In the material below, find the line with "Hlavní fotografie vozu" and the line with "Medjoul Dates with Mukhwas". Output exactly those two lines and all lines between them, leaving out pictures.

## AVAILABLE DATA
━━━
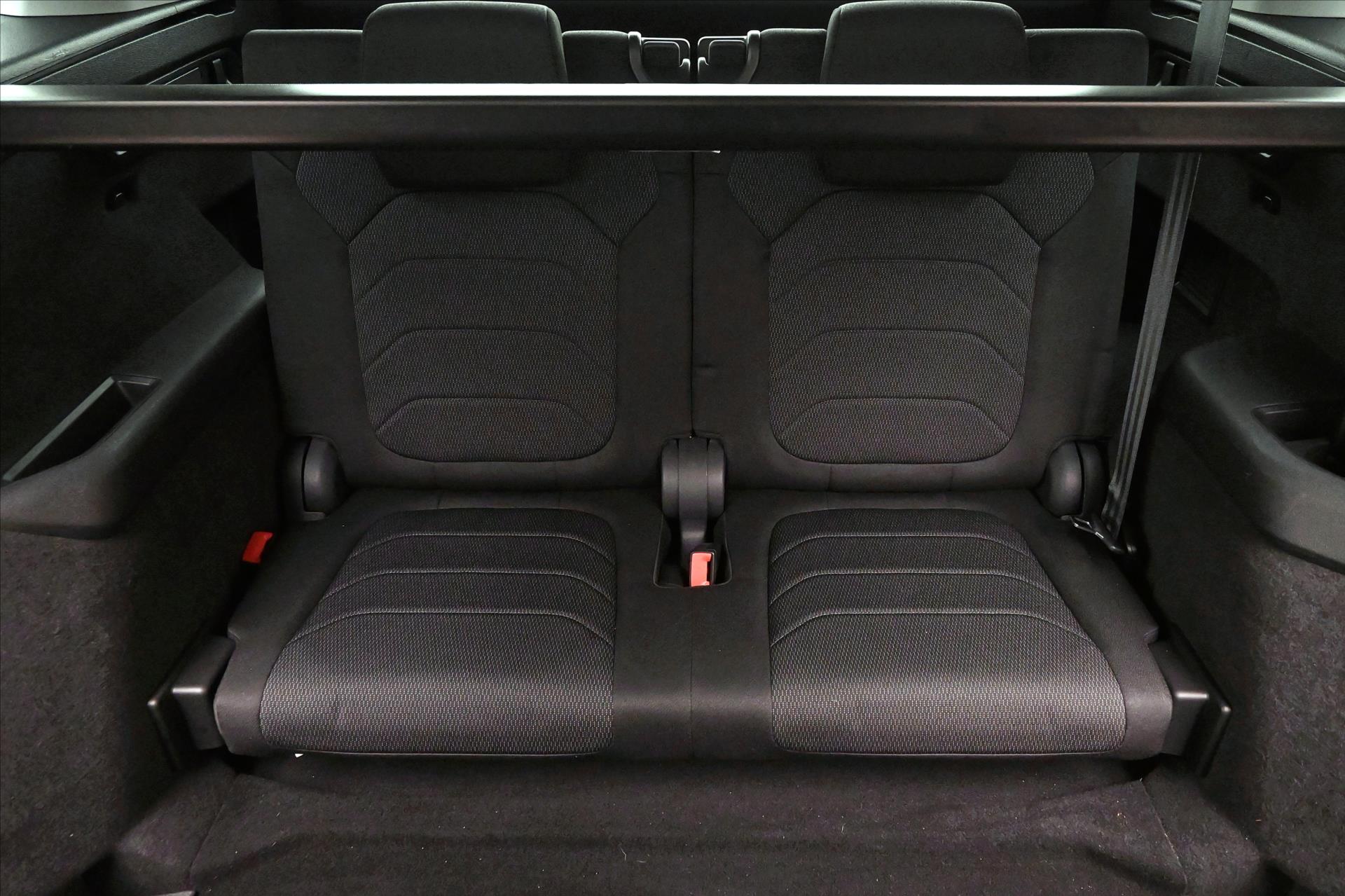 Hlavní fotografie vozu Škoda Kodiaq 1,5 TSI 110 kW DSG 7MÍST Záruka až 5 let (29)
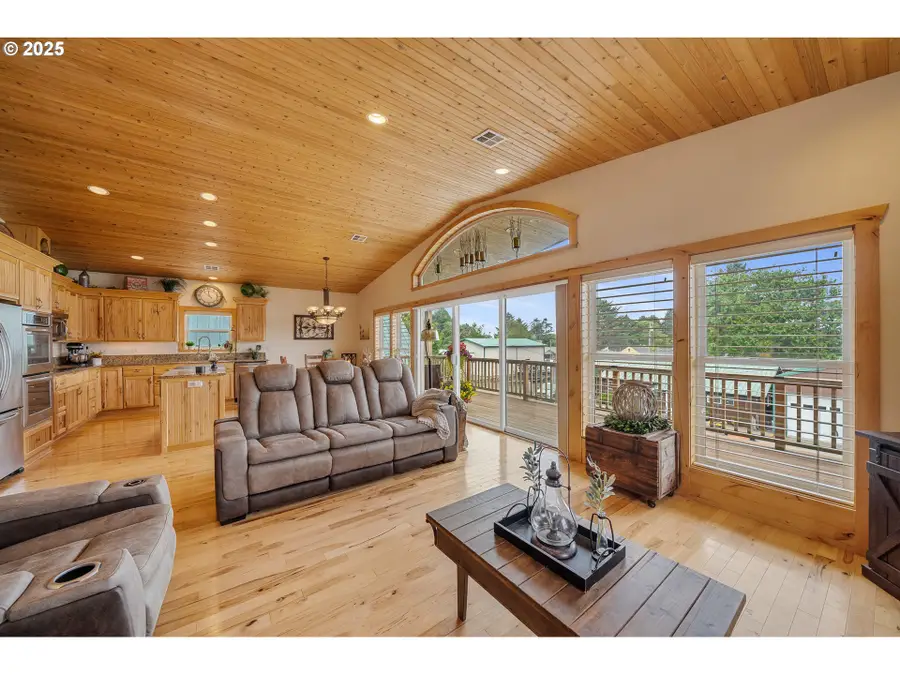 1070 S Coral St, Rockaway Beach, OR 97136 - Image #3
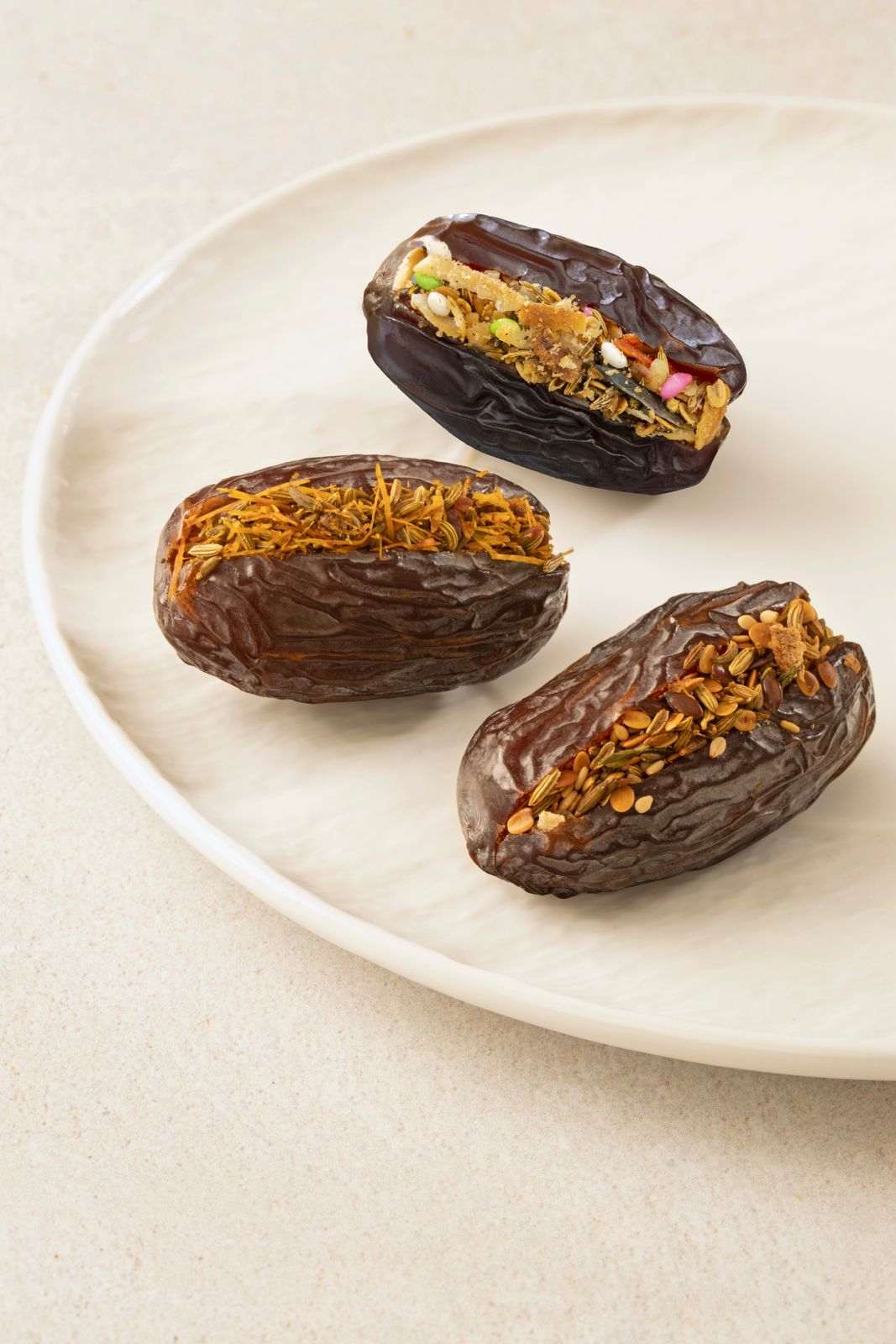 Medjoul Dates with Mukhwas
━━━
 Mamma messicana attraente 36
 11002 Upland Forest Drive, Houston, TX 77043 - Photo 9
━━━
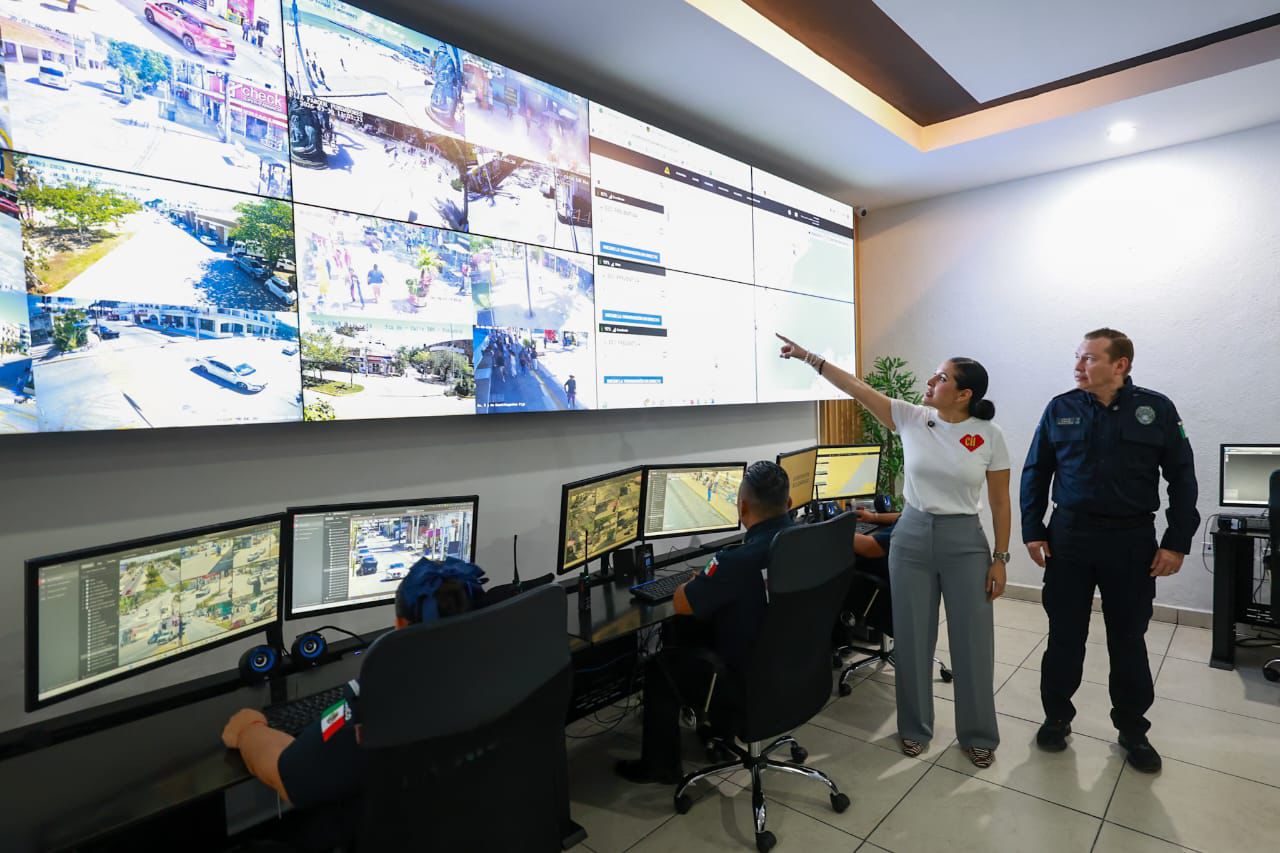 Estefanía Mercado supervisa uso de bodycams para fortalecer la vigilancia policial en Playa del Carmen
━━━
## FINISHED TASK
 Hlavní fotografie vozu Škoda Kodiaq 1,5 TSI 110 kW DSG 7MÍST Záruka až 5 let (29)
 1070 S Coral St, Rockaway Beach, OR 97136 - Image #3
 Medjoul Dates with Mukhwas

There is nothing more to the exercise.